Сверх того, оказывается из Акомината да и из латинских источников (5), что и сам Калоянн был не менее оскорблен латинянами. Он отправил перед тем посольство к императору с изъявлением дружбы, но получил в ответ, что они, франки, — наследники греческого царства, а он узурпатор и вассал, не имеющий права считать себя равным латинскому императору. Они даже угрожали опустошить его страну и возвратить его в рабское состояние, из которого он вышел. В этом ответе отразилась и фикция перенесения на латинского императора прав константинопольских царей, выраженная в усвоении титула Semper Augustus (послание Балдуина папе, составленное легистом, канцлером Иоанном Нуайонским), и высокомерие рыцарей по отношению к полуварвару, и, вероятно, сознание непримиримости их политических интересов, ставшее ясным прежде всех у Бонифация.
Только что признанный и помазанный папой король или царь не мог помириться с тем, что ею ближайшие соседи не считают его равноправным монархом, его нацию — членом европейской семьи народов. Он, может быть, почувствовал, что именно его успех перед Иннокентием повлиял на резкость полученного ответа. Соглашения здесь не могло быть. Притом франки наступали, и Филиппополь был ими занят в том же месяце, когда Калоянн короновался в Тырнове.
Вместе с тем Калоянн чувствовал свою силу: малочисленность рыцарей была ему известна. Преемник древних болгарских царей мог смотреть на франков как на узурпаторов пришельцев.

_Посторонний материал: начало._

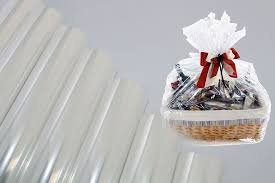 One method of regeneration is formation of the blue cellophane film has general acceptance and can be conveniently wrapped to the moving. Cellophane Bopp Film Clear Plain No Printing Gift Wrapping Paper Gift Wrapping Papers Bouquet Sleeves Manufacturer Chun Yu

Не мог же он разделять точку зрения барона де Брасье, что франки — потомки троянцев и Константинополь — троянское наследство. Ему о его правах говорили греки. Он принимал посольства греков не только из Фракии, но и из Пелопонниса, от всех его городов, по известию самого Вилльгардуэна, объявлявших его своим императором и предававших греков его власти (6).
Калоянн не упустил момента. Явившихся к нему греков он отослал, по словам Никиты, в их города, приказав готовить восстание и ожидать его на Пасху.
Советники Балдуина лучше бы сделали, если бы послушали Бонифация и пошли совместно на Калоянна, с которым они тогда могли справиться при помощи венгров. Будь Бонифаций на константинопольском престоле, дела бы приняли иной оборот. Вместе того удаление Бонифация в Салоники и Грецию разбило силы латинян на две части. Опасности с севера они не замечали. Между тем состоялся фактически союз греков с болгарами, столь редкий в истории Балканского полуострова. Сношения Калоянна простирались и далее на Восток, вероятно, по мере успеха: латиняне перехватили его письма к туркам и малоазиатским грекам и копии отправили на Запад (7).
Не подозревая опасности, в том же ноябре латиняне посылают из Константинополя четыре партии лучших рыцарей для овладения своими новыми землями. Уезжают храбрецы Петр Брашейль и Пайен Орлеанский со 120 рыцарями на юг Мраморного моря, где они занимают латинскую факторию Пиги и наносят грекам ряд поражений. Брат императора Генрих с таким же отрядом отправляется в свой отдаленный город Адрамиттий и по пути останавливается в богатом Абидосе; затем при помощи армян и даже греческих крестьян овладевает Дцрамиттием. 100 рыцарей под начальством Макария Менегу занимают Никомидию, покинутую населением. Ренье де Три со 120 рыцарями занимает Филиппополь и, по словам Вилльгардуэна, был встречен греками с радостью, может быть притворной. Успехи рыцарей в Малой Азии будут изложены в иной связи, как эпизод в истории образования Никейского царства. Они были кратковременны, и центр событий 1205 г лежит во Фракии.